Clark v. Needham

These two instruments constitute but one instrument, and must be construed together. Briefly stated, the agreement is this: Plaintiffs, in consideration of $1,500, to be paid to them annually, agreed for a period of five years not to manufacture or sell chaplets, except for only one party. Plaintiffs' *Page 87 sales were not limited to the place of manufacture, but extended into other States. The plain object of the agreement was to substantially close this part of plaintiffs' business, and to give defendants a monopoly of it. The parties evidently recognized the invalidity of such a contract, put in plain and unequivocal language, and sought to evade it by these two so-called leases. The arrangement was a bare subterfuge to evade the law. Defendants did not buy out plaintiffs' business, machinery, and plant, or lease them for the purpose of continuing their (plaintiffs') business. The result intended and accomplished was to close that part of plaintiffs' business, to throw their employés out of employment, and to deprive the public of any benefit from the continuance of their business. This is not the case of Beal v. Chase, 31 Mich. 490, where Beal purchased the entire plant, business, and good will of Chase for the purpose of continuing the same business. In that case both the employés and the public derived the same benefit as though the business were to be continued by Chase.
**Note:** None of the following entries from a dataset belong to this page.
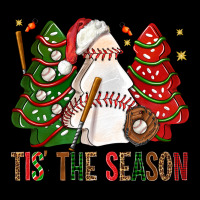 Tis' The Season Baseball Christmas Cakes Bbs Heavyweight Sweatshirt | Teevron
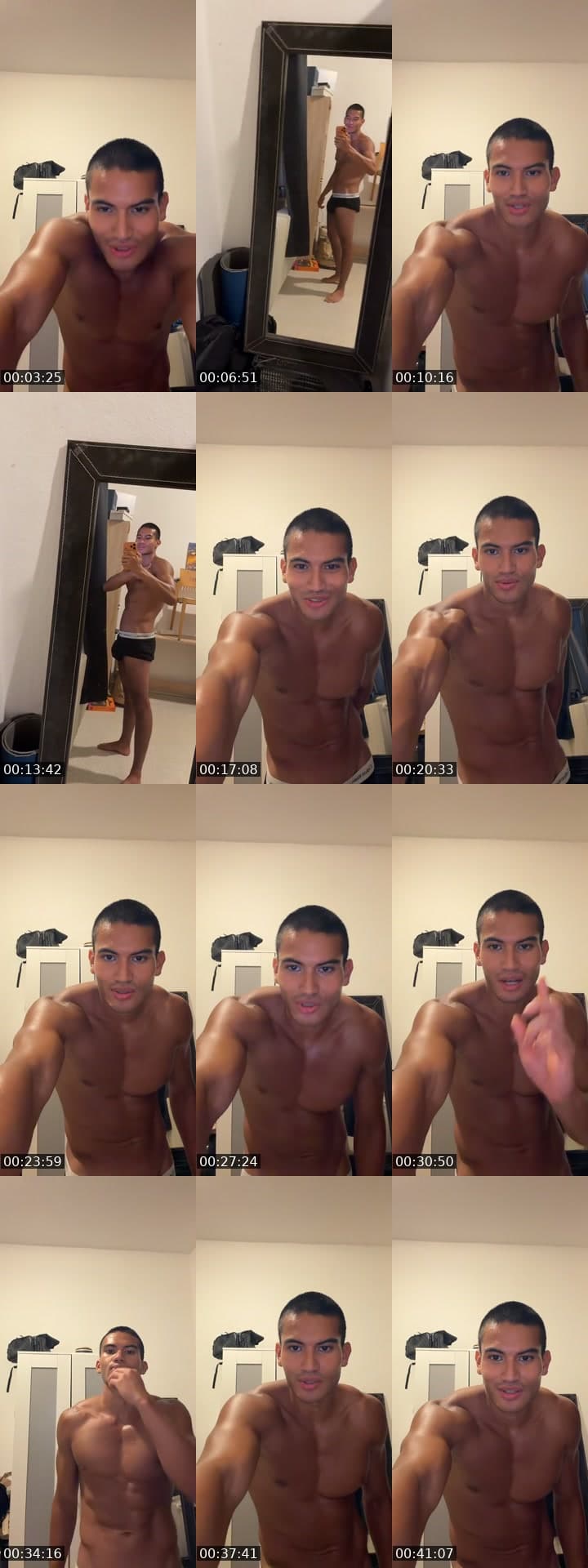 @san.otz22 TikTok live stream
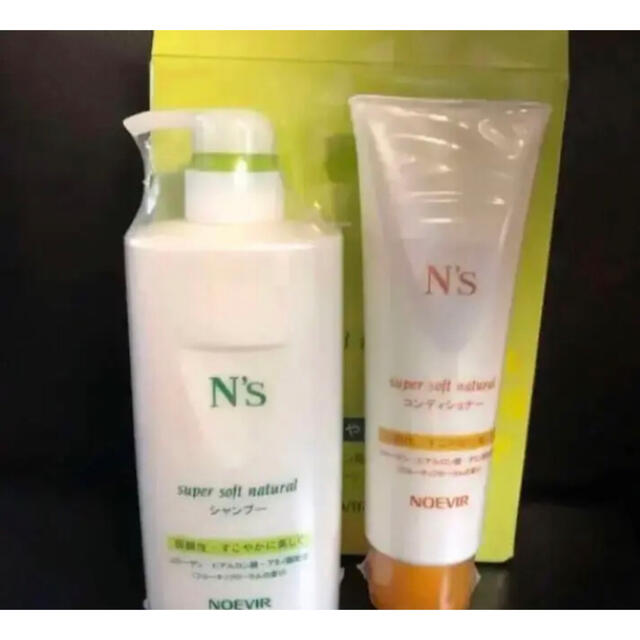 トリートメ】 未使用 シャンプー&コンディショナーの通販 by neko's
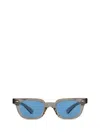 Julius Tart Optical Sunglasses In Gray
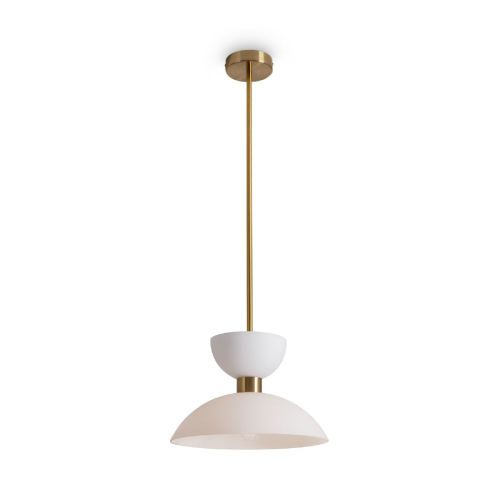 Подвесной светильник Freya Essence FR5490CL-01BS изображение в интернет-магазине Cramer Light фото 3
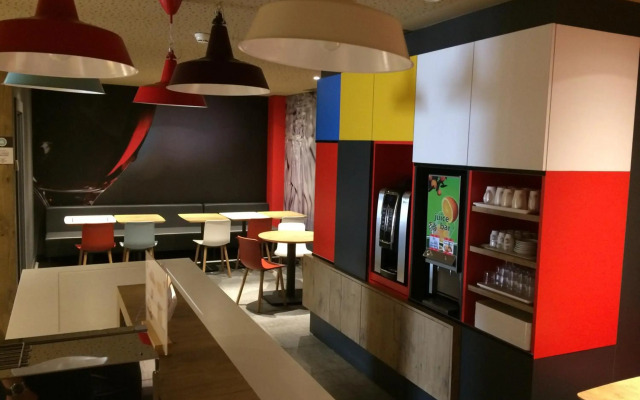 ibis Braga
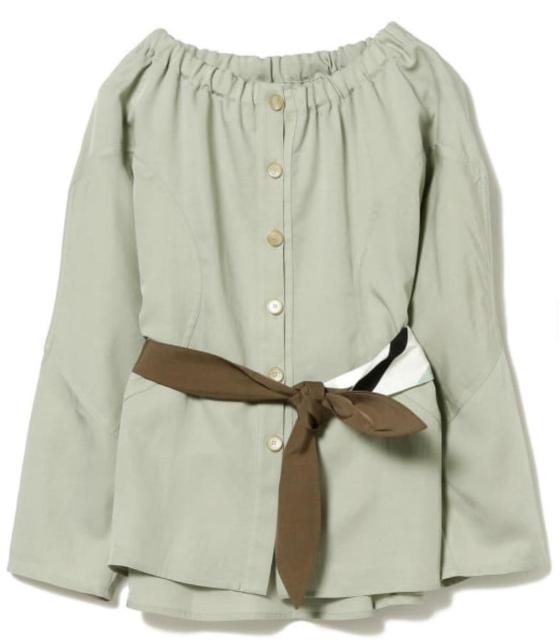 レディース レディース ギャザーブラウス < 女性ファッション  レディース レディース ギャザーブラウス  < 女性ファッションの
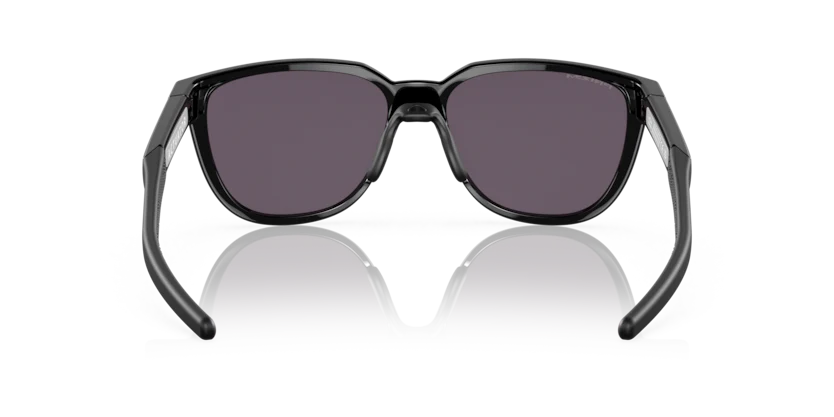 Oakley Actuator Polished Black- Prizm Grey - Image 4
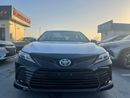Toyota Camry 2022 CAMRY 2.5L GLEX (FULL OPTION)GCC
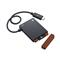 ANGELBIRD CARDREADER PKT I CFEXPRESS 2.0 TYPE A I USB 4.0 I USB-C 3.2 GEN 2X2, UP TO 20 GB/S CONNECT CFXACRPKT small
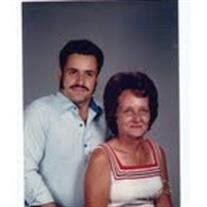 Lelia Buchanan White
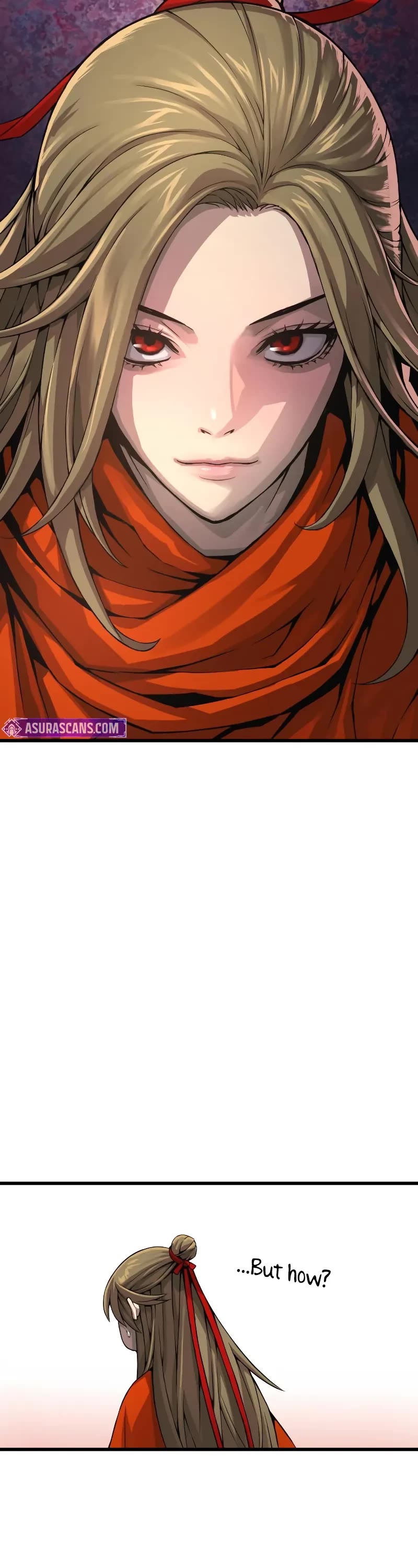 The Chaotic God of Extraordinary Strength chapter 92 page 18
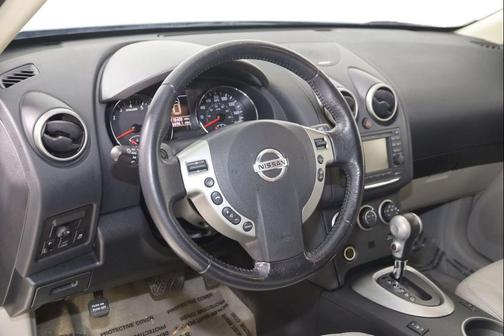 2013 Nissan Rogue SV w/SL Pkg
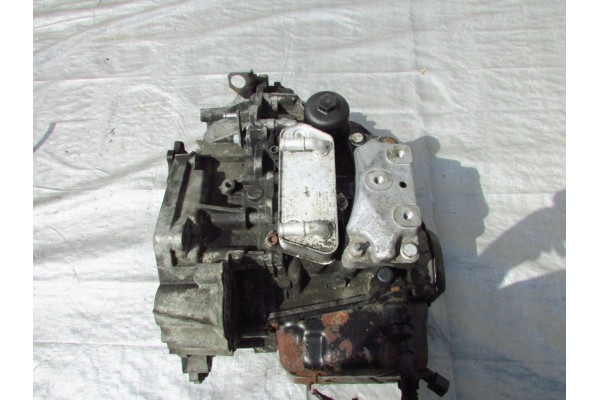 VW AUDI SKODA SEAT AUDI GEARBOX DSG AUTOMATIC MARKING HXU Part manufacturer Volkswagen OE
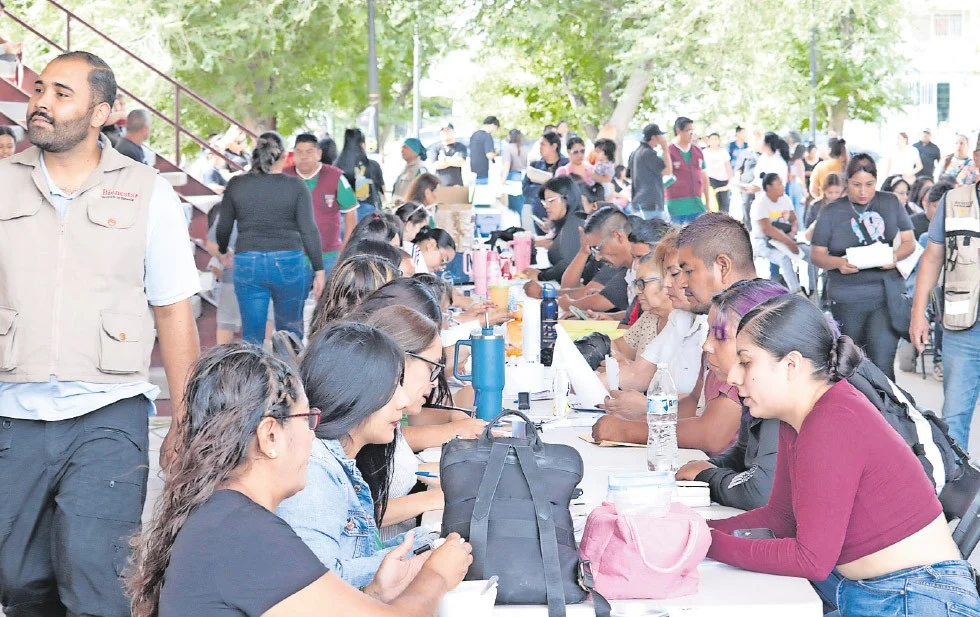 Arranca hoy dispersión de fondos del Bienestar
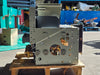 FEDERAL PIONEER 1600A, 3-Pole, 600V Air Circuit Breaker 50H3 w/ 400A Trip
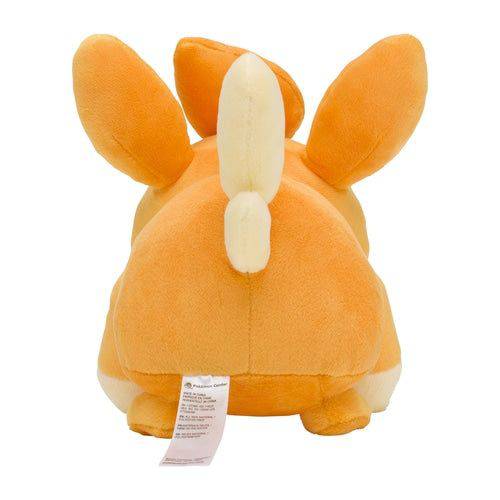 Pawmi - Pokemon Centre Pokemon Plush - TCGroupAU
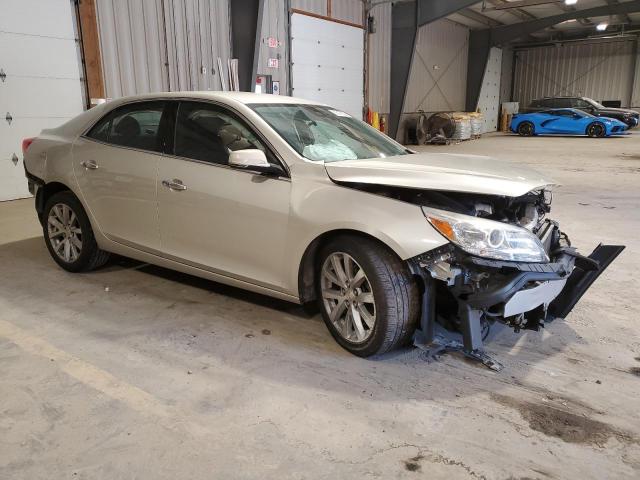 Photo 4 from auction – 2016 CHEVROLET MALIBU LIM with VIN 1G11E5SA2GF132086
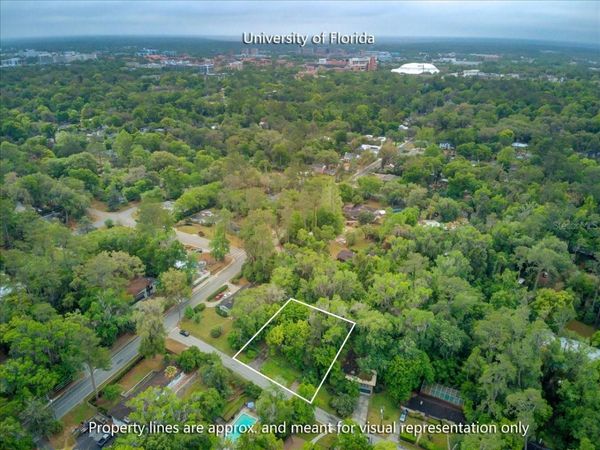 2215 NW 9TH PLACE , GAINESVILLE, FL 32605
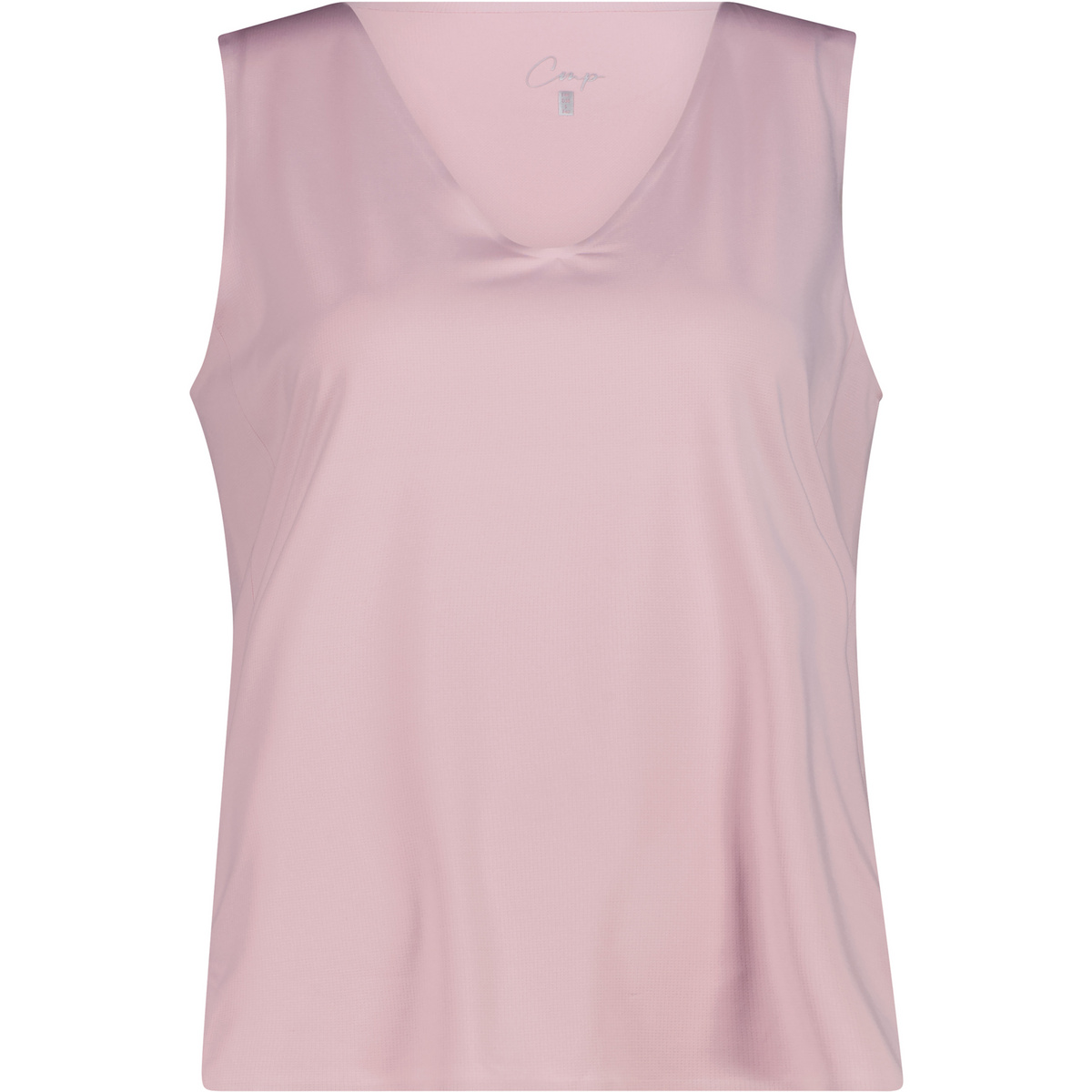 CMP Damen Top (Größe XXS, rosa)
The learned counsel for plaintiffs concede the invalidity of those contracts which are entered into for the express purpose of, and result in, closing one's business for the benefit of a rival business, in throwing employés out of employment, and in depriving the public of the benefit of such business. Such contracts tend to destroy competition and create monopolies, and are void. Plaintiffs, however, seek to avoid the result of this contract on the ground that it is not in general restraint of trade, but is limited as to time and subject-matter. They concede that it is unlimited as to territory, and that the contract, if binding, covers the entire United States. They cite, among other cases, Maxim-Nordenfelt Guns Ammunition Co. v. Nordenfelt, 52 Ch. Div. 630, and Mitchel v. Reynolds, 1 P. Wms. 181. Those cases are, in their facts, the parallel of those in Beal v. Chase; and Mitchel v. Reynolds is cited in the learned opinion of Justice CHRISTIANCY in Beal v. Chase (page 519), to which we refer for a statement and analysis of that case. *Page 88

Any such contract is invalid, whether the restraint be for one year or any number of years, or is unlimited as to time. The agreement to close one part of a business is as much against the policy of the law as a contract to close the entire. The one is as reprehensible as the other. They only differ in degree. Under this contention a party might agree with one person to close one part of his manufactory, and then agree with a second person to close the other part; the two constituting his entire business.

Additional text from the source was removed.